In the entries that follow, find the line containing "Hello there. Welcome"; from there, copy every line exactly through the line containing "So you might".

- **Stored items**
________________

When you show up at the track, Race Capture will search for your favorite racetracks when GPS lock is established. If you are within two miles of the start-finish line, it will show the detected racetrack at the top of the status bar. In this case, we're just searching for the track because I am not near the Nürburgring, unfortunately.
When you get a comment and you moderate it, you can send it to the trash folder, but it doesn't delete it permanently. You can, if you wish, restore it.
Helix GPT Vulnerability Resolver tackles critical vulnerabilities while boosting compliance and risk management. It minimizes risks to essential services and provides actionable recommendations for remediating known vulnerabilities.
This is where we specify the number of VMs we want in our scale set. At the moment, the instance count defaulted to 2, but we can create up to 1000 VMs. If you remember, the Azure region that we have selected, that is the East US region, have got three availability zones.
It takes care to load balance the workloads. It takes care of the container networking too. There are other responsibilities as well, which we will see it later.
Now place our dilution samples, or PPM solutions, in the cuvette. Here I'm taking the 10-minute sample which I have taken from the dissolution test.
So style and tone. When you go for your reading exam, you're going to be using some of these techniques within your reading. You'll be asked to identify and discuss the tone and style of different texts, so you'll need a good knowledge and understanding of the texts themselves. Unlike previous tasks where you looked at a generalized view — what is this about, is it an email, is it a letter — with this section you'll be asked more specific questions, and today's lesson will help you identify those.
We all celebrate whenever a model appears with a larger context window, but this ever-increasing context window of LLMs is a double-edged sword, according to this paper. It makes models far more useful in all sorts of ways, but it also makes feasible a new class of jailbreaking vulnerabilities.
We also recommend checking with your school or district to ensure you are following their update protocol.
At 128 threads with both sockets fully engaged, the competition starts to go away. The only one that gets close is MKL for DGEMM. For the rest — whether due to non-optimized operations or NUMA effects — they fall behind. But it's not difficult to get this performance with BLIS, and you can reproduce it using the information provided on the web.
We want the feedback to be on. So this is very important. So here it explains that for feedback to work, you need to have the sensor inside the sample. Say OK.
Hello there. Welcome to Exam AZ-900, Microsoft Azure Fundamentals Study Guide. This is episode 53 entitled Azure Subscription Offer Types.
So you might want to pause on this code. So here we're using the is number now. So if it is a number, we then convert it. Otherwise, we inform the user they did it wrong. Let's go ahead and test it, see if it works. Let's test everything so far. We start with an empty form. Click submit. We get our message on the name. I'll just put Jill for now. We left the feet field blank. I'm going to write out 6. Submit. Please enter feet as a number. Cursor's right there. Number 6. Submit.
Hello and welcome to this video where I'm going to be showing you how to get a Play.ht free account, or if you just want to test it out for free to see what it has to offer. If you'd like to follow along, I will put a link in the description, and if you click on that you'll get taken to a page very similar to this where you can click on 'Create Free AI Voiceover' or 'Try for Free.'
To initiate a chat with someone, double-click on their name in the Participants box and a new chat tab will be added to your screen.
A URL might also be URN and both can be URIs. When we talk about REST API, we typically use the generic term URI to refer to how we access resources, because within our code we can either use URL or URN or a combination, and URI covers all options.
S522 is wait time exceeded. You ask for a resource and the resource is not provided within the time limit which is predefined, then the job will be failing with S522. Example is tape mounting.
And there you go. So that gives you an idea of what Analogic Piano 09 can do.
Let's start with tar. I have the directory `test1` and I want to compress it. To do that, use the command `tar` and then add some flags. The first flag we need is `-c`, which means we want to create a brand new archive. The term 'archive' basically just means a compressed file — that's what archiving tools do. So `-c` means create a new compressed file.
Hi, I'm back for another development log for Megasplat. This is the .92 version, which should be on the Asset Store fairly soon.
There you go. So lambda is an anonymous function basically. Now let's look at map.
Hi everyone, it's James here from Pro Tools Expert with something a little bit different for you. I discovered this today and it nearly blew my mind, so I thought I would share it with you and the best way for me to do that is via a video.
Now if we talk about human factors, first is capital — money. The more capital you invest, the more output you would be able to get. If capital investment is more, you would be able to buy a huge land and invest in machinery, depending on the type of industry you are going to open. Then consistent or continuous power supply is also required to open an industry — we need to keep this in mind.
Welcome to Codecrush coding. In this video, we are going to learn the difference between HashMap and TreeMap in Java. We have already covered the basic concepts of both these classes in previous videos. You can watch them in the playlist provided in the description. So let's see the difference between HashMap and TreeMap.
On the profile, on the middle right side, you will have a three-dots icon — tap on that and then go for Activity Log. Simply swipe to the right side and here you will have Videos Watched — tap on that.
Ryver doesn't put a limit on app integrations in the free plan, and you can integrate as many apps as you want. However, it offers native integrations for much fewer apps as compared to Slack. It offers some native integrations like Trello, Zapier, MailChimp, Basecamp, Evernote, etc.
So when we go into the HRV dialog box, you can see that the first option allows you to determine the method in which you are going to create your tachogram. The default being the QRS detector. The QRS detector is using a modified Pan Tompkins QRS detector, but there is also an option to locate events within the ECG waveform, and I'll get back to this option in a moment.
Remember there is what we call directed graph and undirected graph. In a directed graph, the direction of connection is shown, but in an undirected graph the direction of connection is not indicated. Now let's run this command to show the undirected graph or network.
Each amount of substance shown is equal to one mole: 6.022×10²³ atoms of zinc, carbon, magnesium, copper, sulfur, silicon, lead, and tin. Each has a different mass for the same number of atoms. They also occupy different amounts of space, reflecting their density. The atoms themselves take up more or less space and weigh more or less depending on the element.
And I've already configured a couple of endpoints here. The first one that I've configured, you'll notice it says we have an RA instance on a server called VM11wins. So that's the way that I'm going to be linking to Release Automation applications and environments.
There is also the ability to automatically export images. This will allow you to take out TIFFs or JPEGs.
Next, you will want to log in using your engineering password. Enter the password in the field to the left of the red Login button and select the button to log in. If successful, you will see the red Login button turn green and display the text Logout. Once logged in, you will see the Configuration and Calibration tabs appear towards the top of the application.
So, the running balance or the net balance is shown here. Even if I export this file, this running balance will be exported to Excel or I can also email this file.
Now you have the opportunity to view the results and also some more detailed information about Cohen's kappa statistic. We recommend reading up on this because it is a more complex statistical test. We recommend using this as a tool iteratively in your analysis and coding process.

________________

- **TASK ANSWER**
Hello there. Welcome to Exam AZ-900, Microsoft Azure Fundamentals Study Guide. This is episode 53 entitled Azure Subscription Offer Types.
So you might want to pause on this code. So here we're using the is number now. So if it is a number, we then convert it. Otherwise, we inform the user they did it wrong. Let's go ahead and test it, see if it works. Let's test everything so far. We start with an empty form. Click submit. We get our message on the name. I'll just put Jill for now. We left the feet field blank. I'm going to write out 6. Submit. Please enter feet as a number. Cursor's right there. Number 6. Submit.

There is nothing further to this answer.